This might be the year that you start growing your own – vegetables.

Getting your spring garden ready can be as simple or as complex as you want. You are the master of your garden; it’s your own little piece of paradise.

When people talk about putting in a garden, I’ve found they’re mostly thinking about growing something tasty. Yes, flowers are fine, and we love to see them, but aren’t we all really looking for the perfect tomato? You know, one that’s juicy, lipstick red and tastes like heaven? I’m sure some folks, especially kids, have never tasted a perfect tomato, or can hardly remember how the flavor would explode in your mouth. Maybe this is the year.

If you’ve looked through a seed catalog lately, you probably noticed all the pages and pages of different tomato cultivars. Huge, tiny, smooth, puckered, round or pear formed, even the shapes are diverse. Now you can get many that do become a brilliant red, but look at the yellows, pinks, even striped ones, especially since heirloom varieties are becoming more popular.

You must remember, in the Mojave Desert we have a peculiar set of growing conditions. In New York and other cold places, we used to plant tomatoes in June. Don’t try that here.

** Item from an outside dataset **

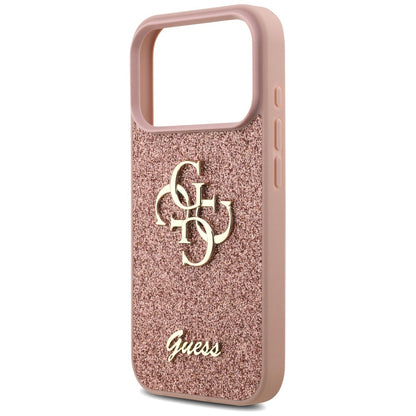 Deksel for Apple iPhone 17 Pro, Guess, Fixed Glitter Big 4G, Rosa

Tomatoes are warm season crops, not hot season. When it’s too hot or too cold, the plants’ll suffer. The plants (not seeds) should go in the ground by the end of March, beginning of April. As long as nighttime temperatures are between about 50 and 65° they should do well.

Because the seasons here go from extreme to extreme, the best tomato choices are usually ones with smaller fruits. They don’t have to be cherry or grape tomatoes; but look for ones that don’t get bigger than about two inches in diameter, with shorter growing times.

You notice I call them fruits. In botany, the plant creates something that holds and protects or nourishes the seeds; that’s the fruit. Yes, tomatoes are fruits and vegetables.

Often the very biggest of the beefsteak types will get large, but won’t ripen properly. When it’s 90° or more, and the sun is blindingly bright, you can wind up with sad, poached, blistered fruits.  They might even be bleached to a pathetic, greenish, white.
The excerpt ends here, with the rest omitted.